- Directed by: Sourabh Shukla
- Story by: Sourabh Shukla Manju Raj
- Starring: Neethu; Manju Raj; Prathap Kumar; Vikram Kumar; Adhvithi Shetty; Valerian Menezes;
- Cinematography: M Pradeep
- Edited by: Puneeth M Degavi
- Music by: Girish Hothur
- Production company: Starfish Studios
- Release date: April 2023;
- Running time: 115 minutes
- Country: India
- Language: Kannada

= 1888 (film) =

2023 Indian Kannada film by Sourabh Shukla

1888 is a 2023 Indian thriller film shot using Guerrilla filmmaking technique. It is an independent Kannada film with demonetization as the backdrop. More than 60% of the film is shot at night. Neethu Shetty plays a leading role alongside Prathap Kumar, Adhvithi Shetty, Manju Raj, Pradeep Doddaiah and Vikram Kumar. Former Mr. India - Raghu Ramappa appears in a guest role in the movie. The movie is directed by debutante Sourabh Shukla who has also written the story and screenplay. Pradeep is the director of photography and Girish Hothur is the music composer.

== Cast ==
- Neethu Shetty as Sandhya Shetty
- Prathap Kumar as Vikas
- Adhvithy Shetty as Ankita
- Manju Raj as
- Vikram Kumar as Aruna
- Pradeep Doddaiah as Pradeep Shetty
- Sourabh Shukla as PK
- Valerian Menezes as Martin

== Critical reception ==
In a review for The Times of India, Sridevi S rated the film 3 stars from 5. There was praise for the story being well researched, and for the plot, car chase sequences, and the performance of Neethu Shetty. However, there was criticism of the dialogue and slow pace in the first half. The review stated ... "While the first half takes off slowly, the second half makes it all worth the wait."
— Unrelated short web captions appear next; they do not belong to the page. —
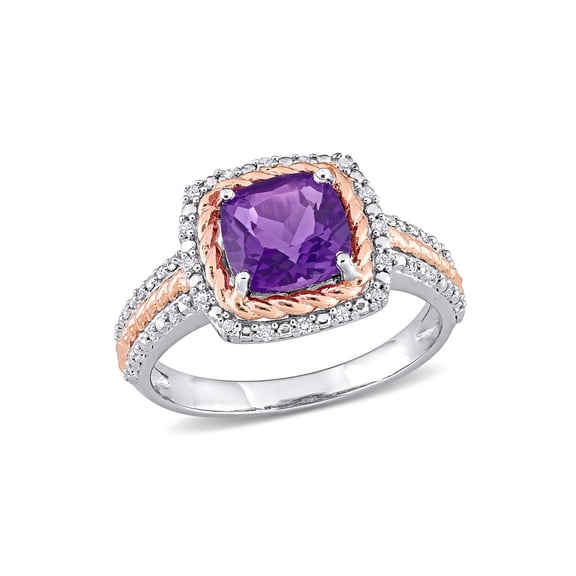 1.45 Carat (Ctw) Amethyst and Diamond Accent Halo Ring in Sterling Silver for Women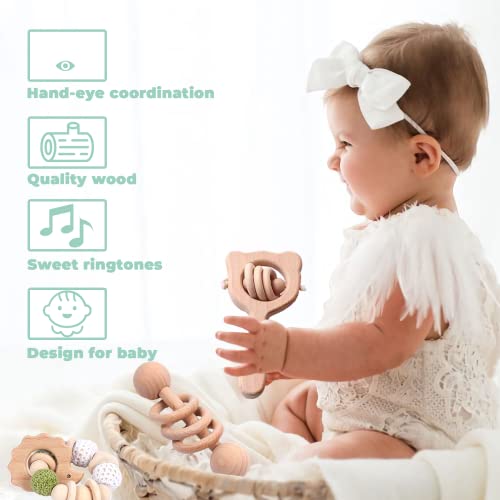 6 Pieces Wooden Baby Rattle Toy Set for 0-6 Months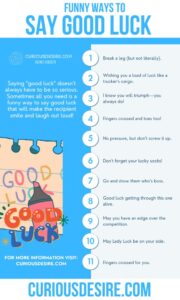 funny things to say instead of good luck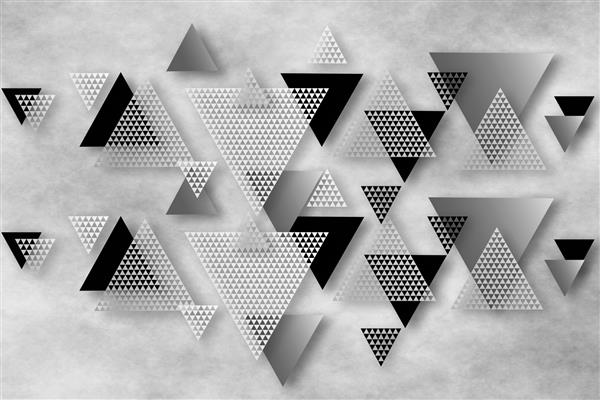 کاغذ دیواری انتزاعی مثلث خاکستری برای دکوراسیون داخلی خانه
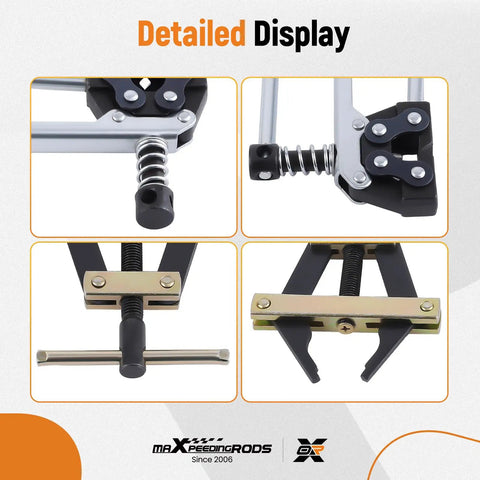 Detailed views of Roller Chain Tools Kit For 60 To 100 Chains Includes Connecting Holder, Puller, Detacher, Breaker, And Cutter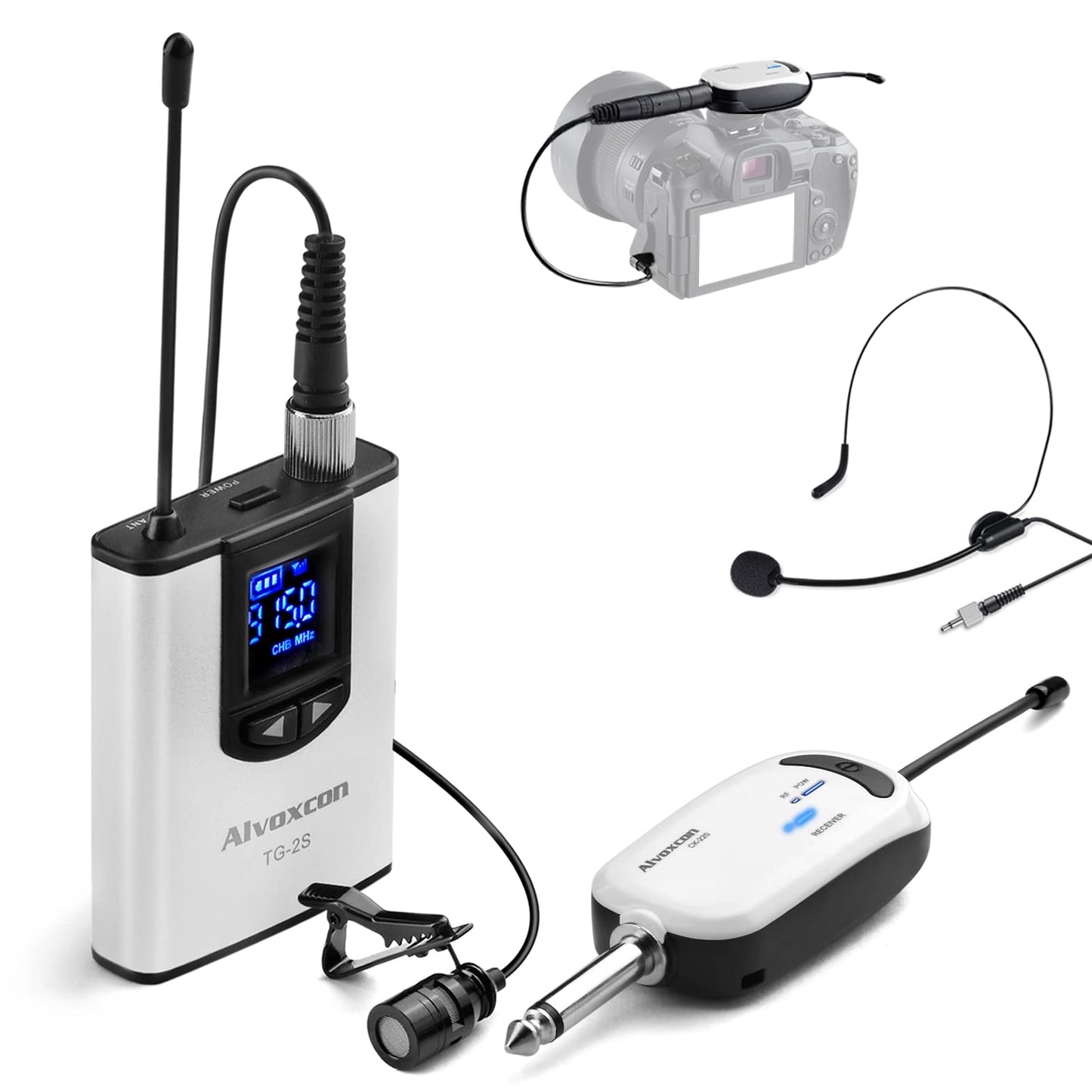 Alvoxcon Wireless Headset Lavalier Microphone System Wireless Lapel Mic Best for iPhone, DSLR Camera, PA Speaker, YouTube, Podcast, Video Recording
Prathibha Joy's review for OTTplay considered the film to have a really slow start but that the second half is much better. Giving a rating of 2.5 stars from 5, Joy praised the originality of the story. She stated ... "1888 is an interesting film that starts on a wobbly note and settles into a steady rhythm only much later. Once it does it's a smooth ride thereafter."